Je voudrais dire clairement pour commencer que je n'ai rien contre la personne de Faure Gnassingbé, pas plus d'ailleurs qu'à l'encontre du frangin Kpatcha. Vis-à-vis des hommes, je n'ai aucun à priori, eux qui n'ont pas choisi d'être nés d'un père potentat qui a règné à vie dans la tyrannie et la médiocrité au point de plonger la nation togolaise dans le chaos et la regression tous azimuts où elle s'est retrouvée. Il est vrai que les récits bibliques comportent parfois un certain paradoxe au sujet de crimes commis par les parents et dont les descendants sont tenus de payer le prix fort, de génération en génération. De nos temps modernes il y a une certaine indécence à vouloir imputer les torts des parents à leurs enfants ou ayant-droits.
Ne sont-ils victimes pas eux-mêmes du poids d'une filiation qu'en d'autres circonstances il n'auraient jamais désirée, s'ils avaient pu choisir? D'ailleurs le dictateur ne croyait pas si bien dire de son vivant, lui qui affirma un jour : "Personne ne vient au monde en choisissant ses parents, son ethnie ou sa région". En vérité seuls ceux qui partagent le quotidien des enfants Eyadéma pourraient peut-être un jour nous dire si ceux-ci ne souffrent pas férocement d'avoir à se défendre toute leur vie de n'avoir aucune responsabilité dans les nombreux crimes du régime. Ce lourd passif doit être bien pénible à porter pour qu'on éprouve l'envie d'en rajouter.


Le sens de l'histoire

Les humains ont toujours besoin d'un sens de l'histoire semblable au sens d'orientation des grands oiseaux migrateurs et face aux circonstances qui jalonnent notre parcours nul ne peut se contenter d'une existence sans hantise du lendemain. Un peuple c'est d'abord une mémoire collective. D'où la répulsion voire l'hostilité que nourrissent la grande majorité des Togolais à l'idée de voir un des Gnassingbé à la tête de l'Etat, après le long règne d'Eyadéma, qui plus est l'un de ses fils. Bien sûr, que dans ce système glabalement nuisible, il se trouvait quelques hommes de principe qui ont essayé dans la limite de leur force de bien faire. Ils sont des oiseaux rares pour qui j'éprouve personnellement une profonde estime.

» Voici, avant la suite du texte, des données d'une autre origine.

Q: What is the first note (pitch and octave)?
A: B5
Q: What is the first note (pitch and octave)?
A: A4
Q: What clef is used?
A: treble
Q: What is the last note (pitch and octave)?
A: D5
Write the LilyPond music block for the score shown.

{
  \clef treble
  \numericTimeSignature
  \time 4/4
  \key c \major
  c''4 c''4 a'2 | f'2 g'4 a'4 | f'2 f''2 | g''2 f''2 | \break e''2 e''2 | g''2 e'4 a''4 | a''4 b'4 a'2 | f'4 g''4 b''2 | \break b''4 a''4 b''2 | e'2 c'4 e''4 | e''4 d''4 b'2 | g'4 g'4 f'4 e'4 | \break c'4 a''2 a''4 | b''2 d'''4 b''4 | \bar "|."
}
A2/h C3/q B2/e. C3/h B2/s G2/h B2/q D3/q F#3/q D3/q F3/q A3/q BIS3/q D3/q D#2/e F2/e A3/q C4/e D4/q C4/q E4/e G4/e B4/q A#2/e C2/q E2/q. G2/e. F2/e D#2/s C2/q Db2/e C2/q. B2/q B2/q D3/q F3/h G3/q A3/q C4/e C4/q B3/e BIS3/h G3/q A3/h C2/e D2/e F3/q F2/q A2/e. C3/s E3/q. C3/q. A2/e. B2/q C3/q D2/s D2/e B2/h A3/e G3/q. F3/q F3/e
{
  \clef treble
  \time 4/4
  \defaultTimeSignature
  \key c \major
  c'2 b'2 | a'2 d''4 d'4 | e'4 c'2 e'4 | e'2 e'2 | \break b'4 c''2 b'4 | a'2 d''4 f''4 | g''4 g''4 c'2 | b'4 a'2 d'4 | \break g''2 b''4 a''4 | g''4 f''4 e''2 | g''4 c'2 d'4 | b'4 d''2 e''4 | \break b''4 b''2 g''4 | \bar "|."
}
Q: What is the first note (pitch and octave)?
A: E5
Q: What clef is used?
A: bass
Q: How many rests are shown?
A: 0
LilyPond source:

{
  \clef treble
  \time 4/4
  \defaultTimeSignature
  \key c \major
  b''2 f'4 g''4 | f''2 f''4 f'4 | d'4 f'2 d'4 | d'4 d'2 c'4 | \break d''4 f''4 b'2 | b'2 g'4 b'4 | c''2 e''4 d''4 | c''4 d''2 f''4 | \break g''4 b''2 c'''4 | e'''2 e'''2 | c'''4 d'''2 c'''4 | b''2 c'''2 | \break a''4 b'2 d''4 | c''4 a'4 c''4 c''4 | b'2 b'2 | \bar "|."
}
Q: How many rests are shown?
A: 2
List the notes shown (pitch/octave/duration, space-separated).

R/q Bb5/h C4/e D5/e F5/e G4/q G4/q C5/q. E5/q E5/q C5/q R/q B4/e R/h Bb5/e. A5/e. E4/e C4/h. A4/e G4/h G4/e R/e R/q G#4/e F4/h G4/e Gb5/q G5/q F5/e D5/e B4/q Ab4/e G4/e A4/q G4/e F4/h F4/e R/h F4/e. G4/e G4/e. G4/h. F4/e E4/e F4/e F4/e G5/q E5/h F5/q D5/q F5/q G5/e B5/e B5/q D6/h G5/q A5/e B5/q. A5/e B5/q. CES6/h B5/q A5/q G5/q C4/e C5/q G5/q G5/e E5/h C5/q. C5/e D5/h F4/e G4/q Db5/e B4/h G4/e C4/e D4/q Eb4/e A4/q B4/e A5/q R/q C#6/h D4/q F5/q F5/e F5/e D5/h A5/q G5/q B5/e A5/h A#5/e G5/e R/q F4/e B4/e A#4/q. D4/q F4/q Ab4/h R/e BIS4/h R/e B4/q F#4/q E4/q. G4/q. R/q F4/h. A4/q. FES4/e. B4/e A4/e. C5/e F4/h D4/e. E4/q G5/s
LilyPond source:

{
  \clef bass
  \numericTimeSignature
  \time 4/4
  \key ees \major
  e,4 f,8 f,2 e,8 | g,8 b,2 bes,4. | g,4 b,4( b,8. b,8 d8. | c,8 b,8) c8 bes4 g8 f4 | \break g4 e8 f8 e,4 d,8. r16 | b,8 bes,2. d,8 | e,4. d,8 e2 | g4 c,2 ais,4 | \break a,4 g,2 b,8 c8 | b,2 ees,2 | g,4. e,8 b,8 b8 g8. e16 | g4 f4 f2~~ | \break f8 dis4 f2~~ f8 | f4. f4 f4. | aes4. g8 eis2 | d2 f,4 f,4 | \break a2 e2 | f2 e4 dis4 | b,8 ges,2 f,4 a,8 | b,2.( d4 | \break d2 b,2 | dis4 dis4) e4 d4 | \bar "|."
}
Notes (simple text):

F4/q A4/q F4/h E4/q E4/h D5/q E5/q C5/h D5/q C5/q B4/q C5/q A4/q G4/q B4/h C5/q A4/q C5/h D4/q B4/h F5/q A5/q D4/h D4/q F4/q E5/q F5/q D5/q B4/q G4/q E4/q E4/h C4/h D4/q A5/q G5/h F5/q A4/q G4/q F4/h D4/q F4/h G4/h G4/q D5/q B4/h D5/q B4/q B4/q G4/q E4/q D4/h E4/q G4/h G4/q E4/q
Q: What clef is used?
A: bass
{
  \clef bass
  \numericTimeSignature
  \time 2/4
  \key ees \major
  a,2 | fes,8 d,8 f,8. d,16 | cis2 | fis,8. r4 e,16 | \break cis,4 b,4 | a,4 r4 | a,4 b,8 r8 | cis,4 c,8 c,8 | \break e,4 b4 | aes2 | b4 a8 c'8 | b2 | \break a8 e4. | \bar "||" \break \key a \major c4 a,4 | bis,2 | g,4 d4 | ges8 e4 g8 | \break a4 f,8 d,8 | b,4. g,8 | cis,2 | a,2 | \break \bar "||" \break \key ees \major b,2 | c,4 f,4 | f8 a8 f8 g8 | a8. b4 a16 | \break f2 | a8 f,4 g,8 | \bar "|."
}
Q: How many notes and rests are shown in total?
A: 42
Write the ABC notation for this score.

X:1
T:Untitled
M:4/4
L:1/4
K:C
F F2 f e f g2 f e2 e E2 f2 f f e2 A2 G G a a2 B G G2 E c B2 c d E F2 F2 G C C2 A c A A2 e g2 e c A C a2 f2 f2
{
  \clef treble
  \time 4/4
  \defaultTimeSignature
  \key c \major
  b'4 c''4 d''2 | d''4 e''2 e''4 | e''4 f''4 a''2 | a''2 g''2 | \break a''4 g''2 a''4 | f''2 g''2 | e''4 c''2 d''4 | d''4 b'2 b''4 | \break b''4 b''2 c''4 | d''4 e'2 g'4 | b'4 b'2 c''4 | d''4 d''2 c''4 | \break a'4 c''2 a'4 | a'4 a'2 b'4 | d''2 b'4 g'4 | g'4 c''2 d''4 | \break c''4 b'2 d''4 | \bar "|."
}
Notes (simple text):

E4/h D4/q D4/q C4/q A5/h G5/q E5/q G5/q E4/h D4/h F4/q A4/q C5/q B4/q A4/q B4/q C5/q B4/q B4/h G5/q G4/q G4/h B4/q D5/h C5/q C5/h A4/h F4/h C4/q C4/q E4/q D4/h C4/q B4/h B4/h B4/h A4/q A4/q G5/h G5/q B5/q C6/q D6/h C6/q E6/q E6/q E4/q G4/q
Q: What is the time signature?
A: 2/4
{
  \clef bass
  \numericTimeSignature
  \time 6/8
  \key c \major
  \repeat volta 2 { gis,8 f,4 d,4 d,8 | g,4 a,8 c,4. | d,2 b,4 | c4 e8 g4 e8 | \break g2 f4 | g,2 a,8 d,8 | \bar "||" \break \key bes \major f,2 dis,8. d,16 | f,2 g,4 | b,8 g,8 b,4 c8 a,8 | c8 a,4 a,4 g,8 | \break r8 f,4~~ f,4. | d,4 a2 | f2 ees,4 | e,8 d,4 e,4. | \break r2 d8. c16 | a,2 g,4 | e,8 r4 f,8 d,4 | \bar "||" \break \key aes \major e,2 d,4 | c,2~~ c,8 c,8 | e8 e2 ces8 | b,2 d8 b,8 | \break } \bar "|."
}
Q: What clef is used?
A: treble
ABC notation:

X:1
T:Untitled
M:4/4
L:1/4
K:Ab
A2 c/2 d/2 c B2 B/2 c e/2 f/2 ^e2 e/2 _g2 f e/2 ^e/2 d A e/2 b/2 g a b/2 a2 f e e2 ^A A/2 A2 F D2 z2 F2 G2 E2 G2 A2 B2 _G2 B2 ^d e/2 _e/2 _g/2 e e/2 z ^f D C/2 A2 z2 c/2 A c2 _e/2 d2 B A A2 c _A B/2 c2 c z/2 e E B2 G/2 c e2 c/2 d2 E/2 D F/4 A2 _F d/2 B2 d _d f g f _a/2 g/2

D'ailleurs, Il a fallu une bonne dose d'inculture historique et un toupet sans pareil, à ceux (les généraux de pacotille et leurs appuis franco-africains) qui ont concocté cette solution pour notre pays, à la mort soudaine d'Eyadéma. C'est comme écorchés à vif et blessés dans leur amour-propre que les populations ont légitimement choisi d'en découdre plutôt que de se résigner à ce qui avait tout l'air d'une monarchie naissante. Les souffrances endurées jusque là sous le père et les sacrifices consentis par le peuple sont trop considérables. Mais une fois encore la nation a été violentée et violée avec à la clé des centaines de morts et de blessés et un nouveau drame humain d'une ampleur inouie.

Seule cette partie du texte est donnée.